→ **WORK REQUIRED**: No pictures belong in the copy. Set down exactly the lines from the one that contains "Northern Illinois Huskies" through the end of the data.

Crawled caption data:
****

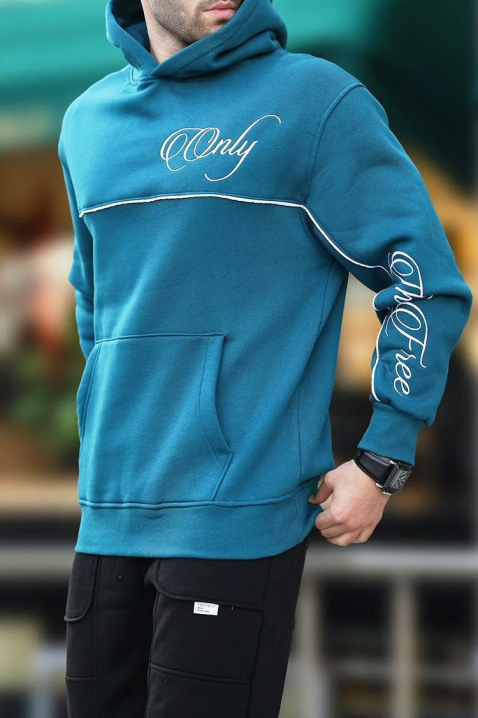 Muška dukserica BROGOTO PETROL, Boja: petrolej, IVET.HR - MODERNA ODJEĆA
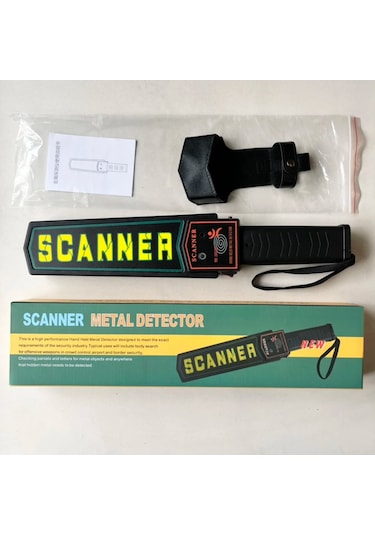 Süper Scanner Metal Dedektör Kolay Kullanım Işıklı Sesli Titreşim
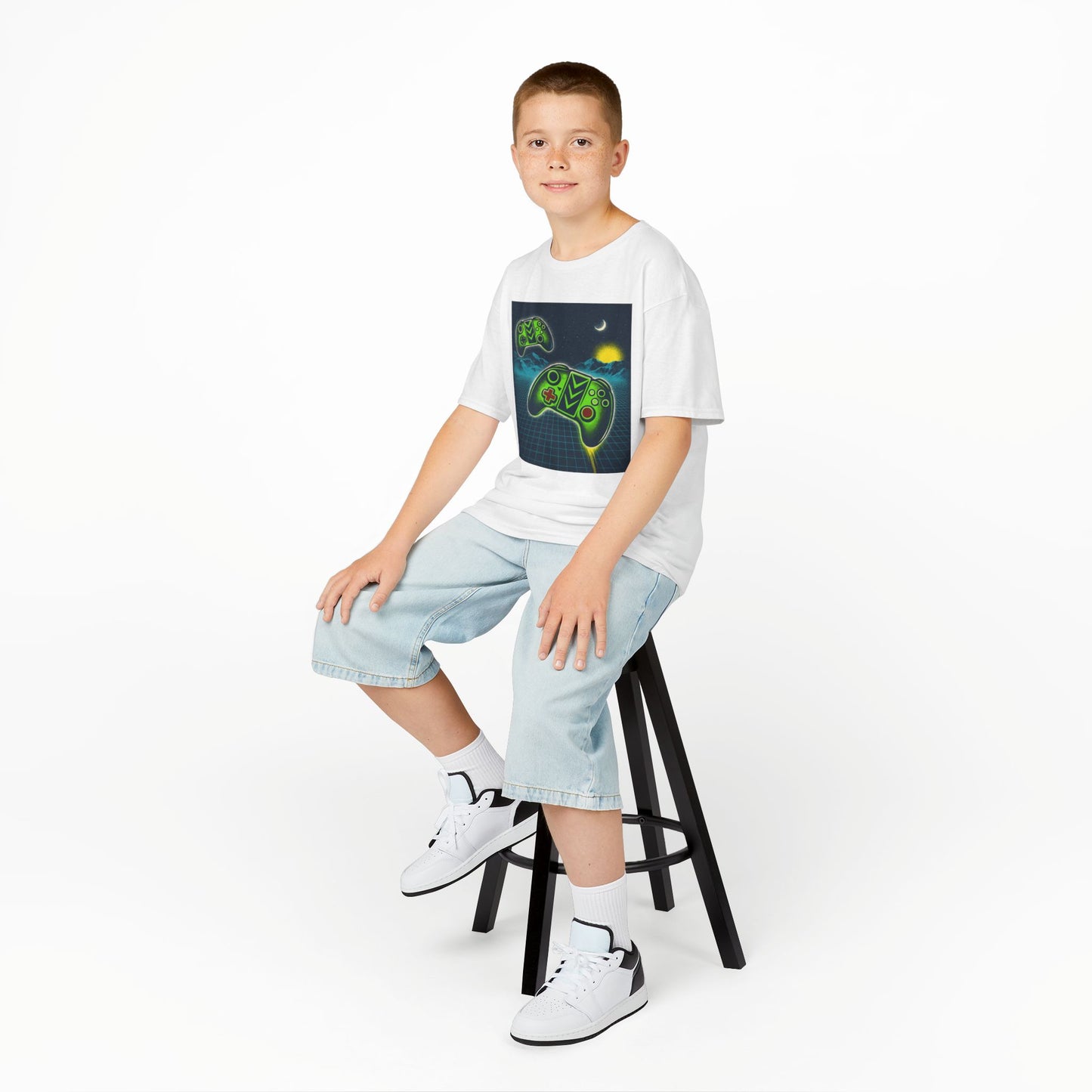 Retro Gamer Kids Tee, Stylish Children's T-Shirt, Video Game Shirt, Fun Birthday Gift, Cool Summer Outfit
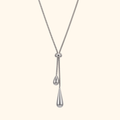 Corbatín “doble gota” silver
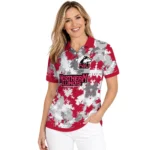 Northern Illinois Huskies Polo Shirt Custom Pixel Camo Red Best Selling
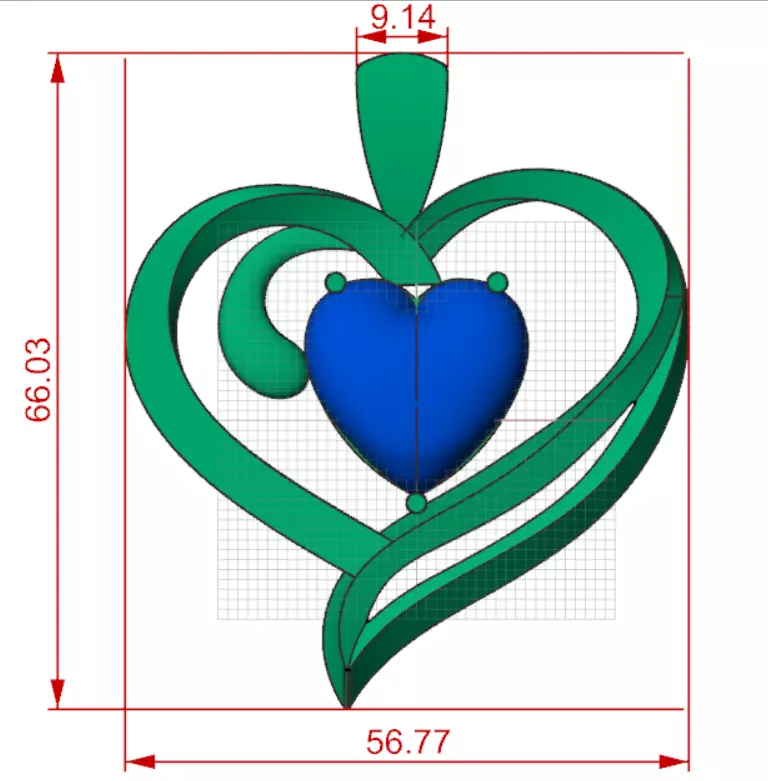Gold stl 3dm Plaque 3D Moving Heart in Heart Frame gp0258 3D print model_21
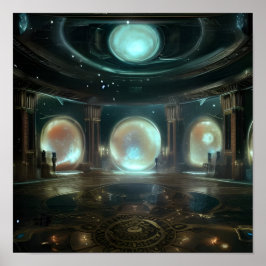 Poster No Palácio Astral (Observatório)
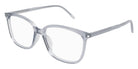 Saint Laurent® 453/F SL 453/F 002 55 - Gray / Transparent AR Eyeglasses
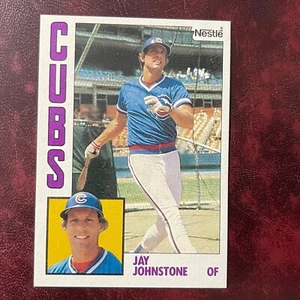1984 Topps NESTLE Set JAY JOHNSTONE Parallel #249 CHICAGO CUBS ** MINT ** r84 - Picture 1 of 1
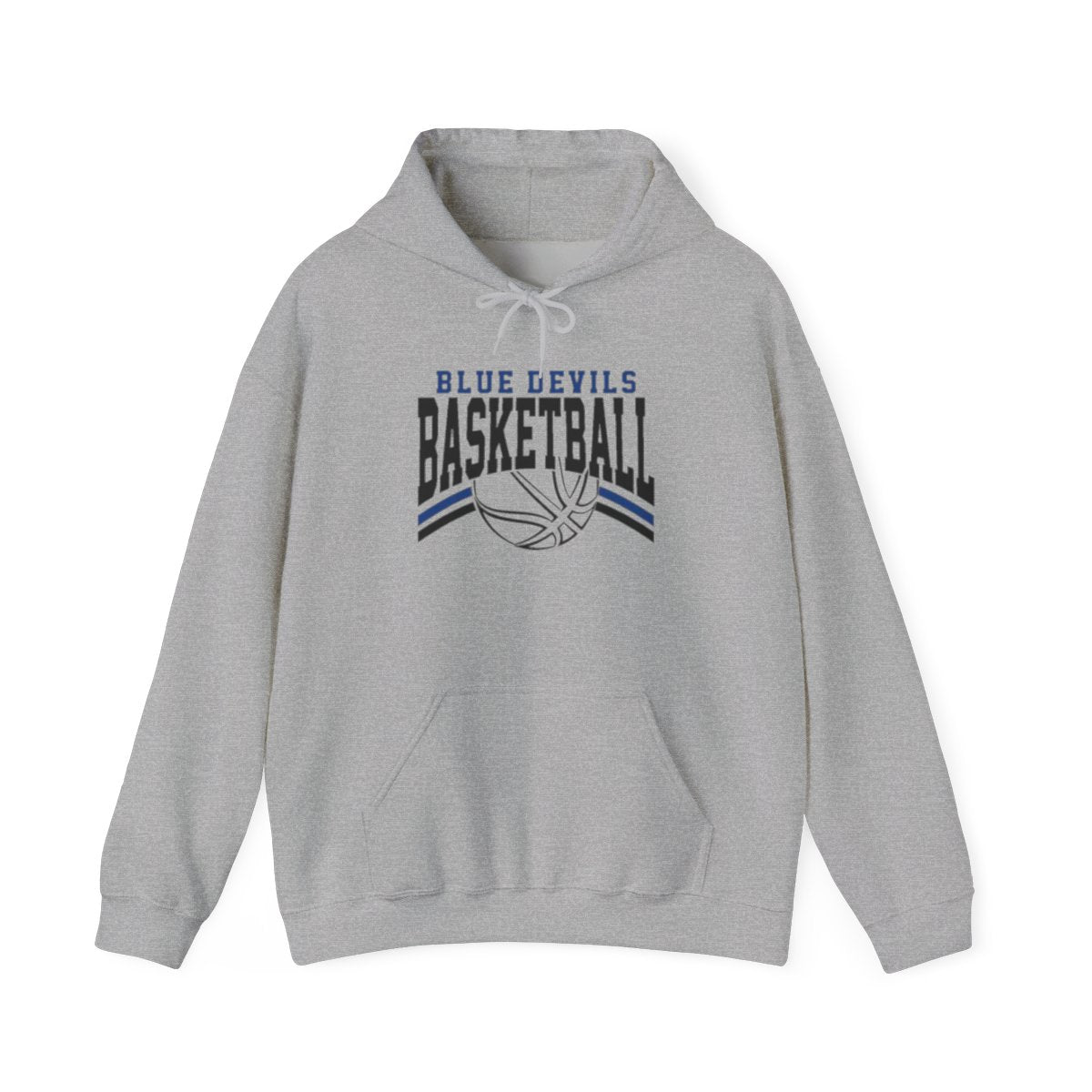 BLUE DEVIL BASKET- Hooded Sweatshirt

****

→ **EXERCISE SOLUTION**:
 Northern Illinois Huskies Polo Shirt Custom Pixel Camo Red Best Selling
Gold stl 3dm Plaque 3D Moving Heart in Heart Frame gp0258 3D print model_21
 Poster No Palácio Astral (Observatório)
 Saint Laurent® 453/F SL 453/F 002 55 - Gray / Transparent AR Eyeglasses
1984 Topps NESTLE Set JAY JOHNSTONE Parallel #249 CHICAGO CUBS ** MINT ** r84 - Picture 1 of 1
 BLUE DEVIL BASKET- Hooded Sweatshirt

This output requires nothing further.